Why is the little-oh notation used differently?
That is, while little-oh notation is used in Algorithm field like $\displaystyle\lim_{n\to\infty}$, it is used in Stochastic process field $\displaystyle\lim_{n\to0}$.
Thank you for reading my question.
 A: It's mostly a context thing - big- and little-oh notation are best at explaining behaviour at large and small scales. Typically for algorithm and complexity applications, you're looking at the behaviour of something on large sets, and this leads to the $n\to\infty$ definition given early in your post. 
However, much like defining limits of functions, you can define them as $x\to\infty$ just as well as $x\to a$ for constants $a$. For example, $f\in o(g(x))$ as $x\to a$ says that $\lim_{x\to a}\frac{f(x)}{g(x)}=0$. 
This can be used in


*

*Differentiation: $f(x)=f(a)+f'(a)(x-a)+o(x-a)$ tells us that the best linear approximation to $f(x)$ has slope $f'(a)$


*

*Taylor Series: You'll often see things written like: "$\sin(x)=x-\frac{x^3}{6}+O(x^5)$ as $x\to0$"



On the other hand, you'll see non-local use of the notation elsewhere in stochastic processes.
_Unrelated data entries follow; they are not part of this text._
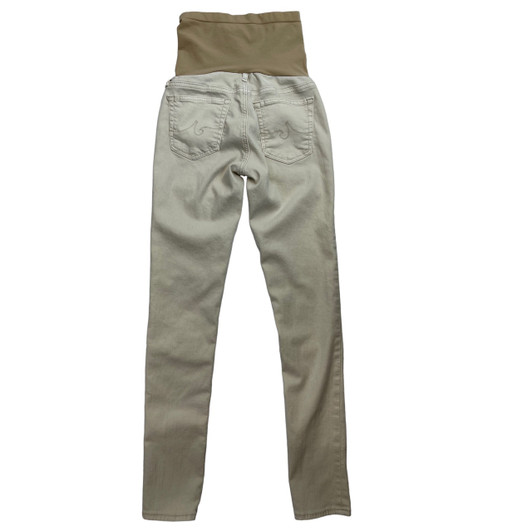 Cream AG Adriano Goldschmied The Legging  Ankle Super Skinny Ankle Maternity Jeans for A Pea in the Pod Collection  Maternity (Pre-OwnedSize 26)
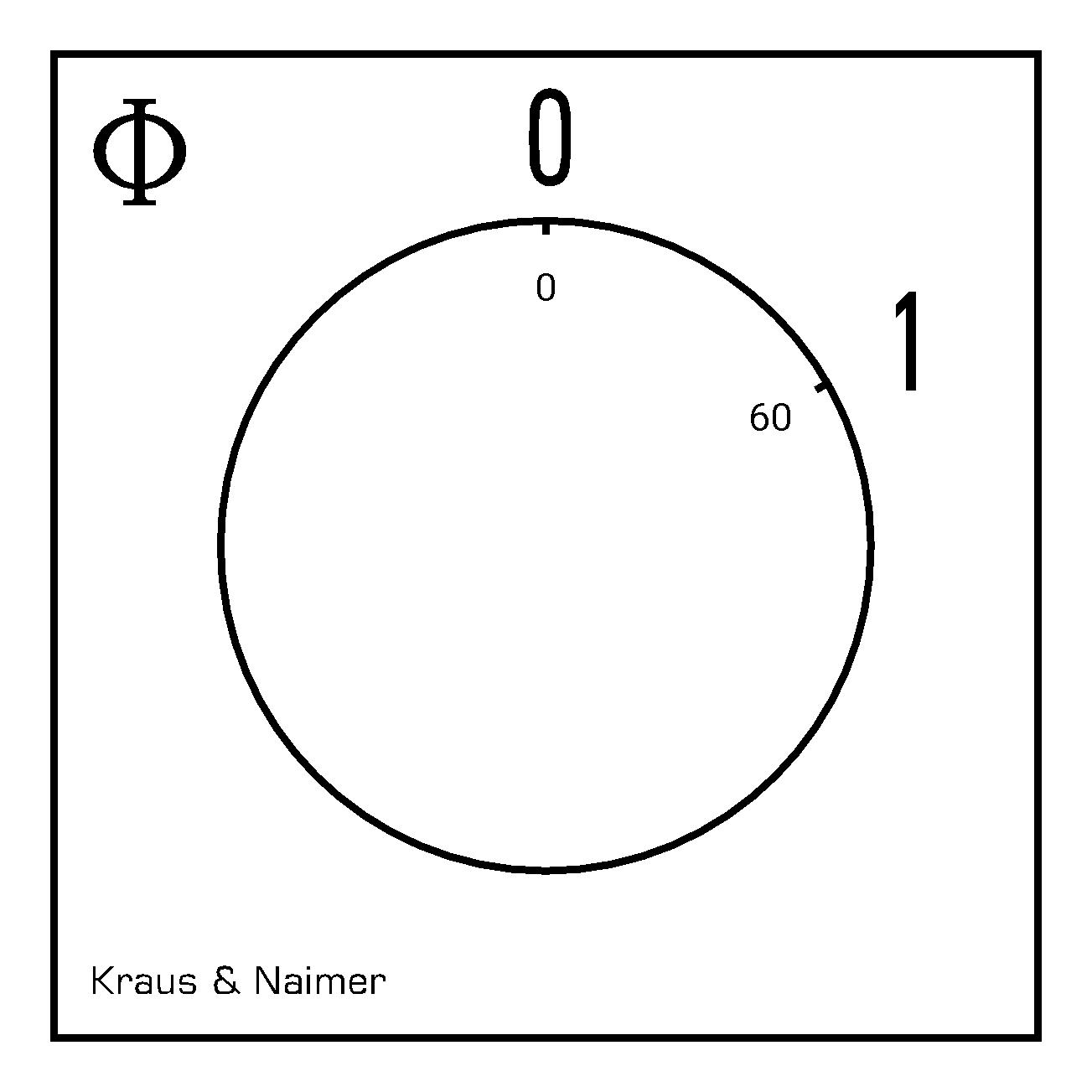 ON/OFF switch; 4-pole; 0-1; single hole mounting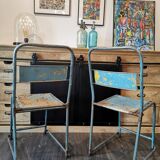 Pair of industrial bistro chairs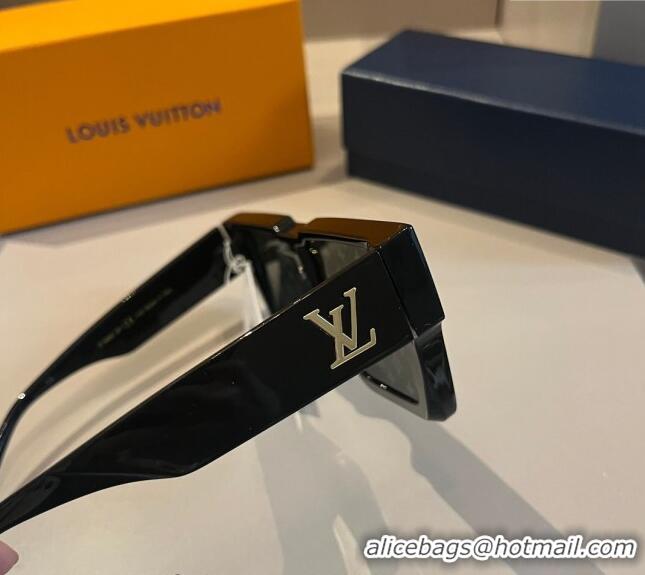 Reasonable Price Louis Vuitton Cyclone Sunglasses 0410 Black 2024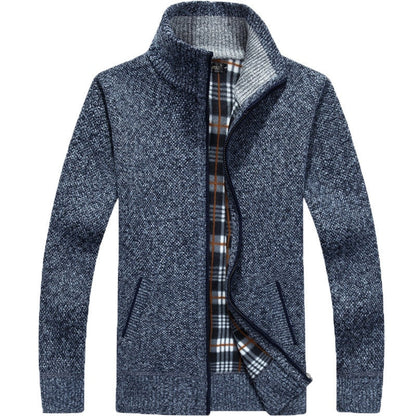 Martín – Chaqueta de punto con cremallera para hombre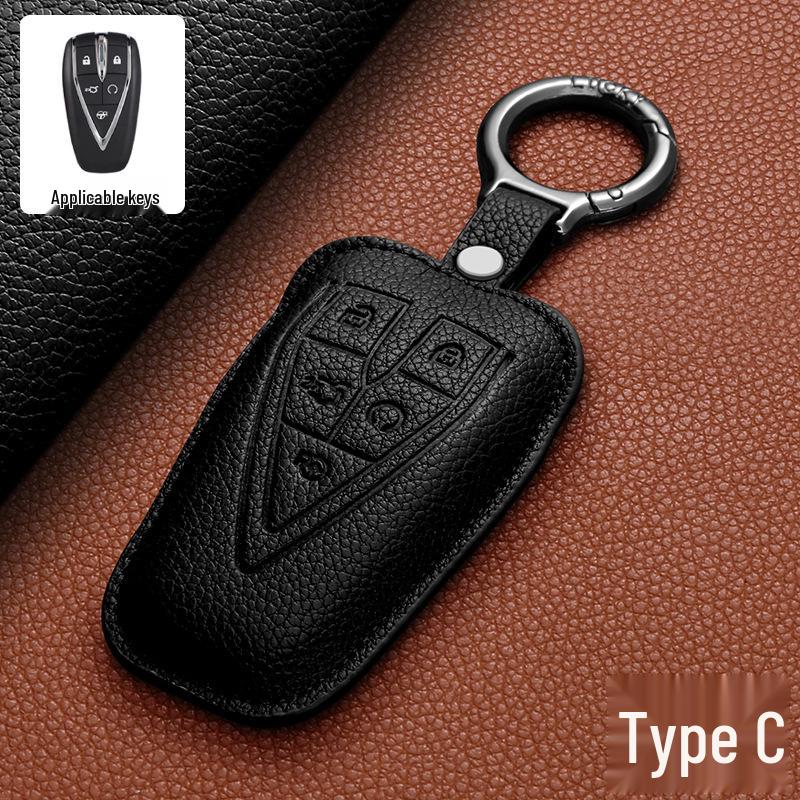 Changan Car Key Case for CS75 Plus, Yidong, CS35, 55, Unik, X5, Oshan Models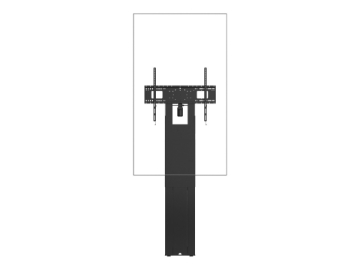 Bild på VISION Motorised Height Adjustable Dual Display Floor Stand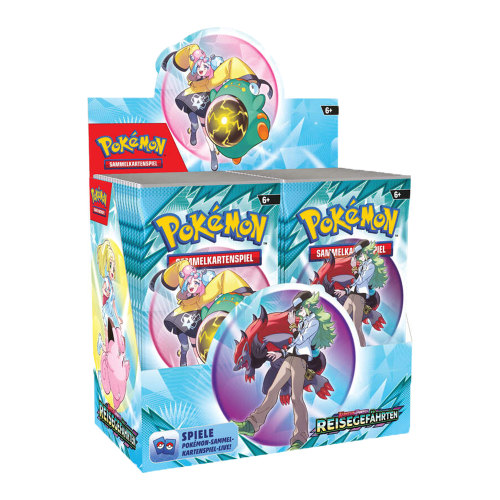 Pokémon Karmesin & Purpur – Reisegefährten Booster-Display (36 Booster) – DE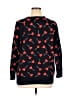 Torrid 100% Cotton Hearts Black Pullover Sweater Size 1X Plus (1) - photo 2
For example the law of the iterated logarithm tells us that a random walk (under suitable assumptions) satisfies $S_n=O(n\log\log n)$ as $n\to\infty$.
People use this notation to control error terms, and whether it's a case of $n\to0,\infty,$ or $n\to$ constant depends on where you're trying to bound errors. 
In the case of the Poisson process, it's about showing continuity (sort of), which is a local property, so it makes sense to consider $\Delta t\to0$, whereas in algorithms it tends to be about long-term feasibility, which corresponds to taking larger and larger $n$.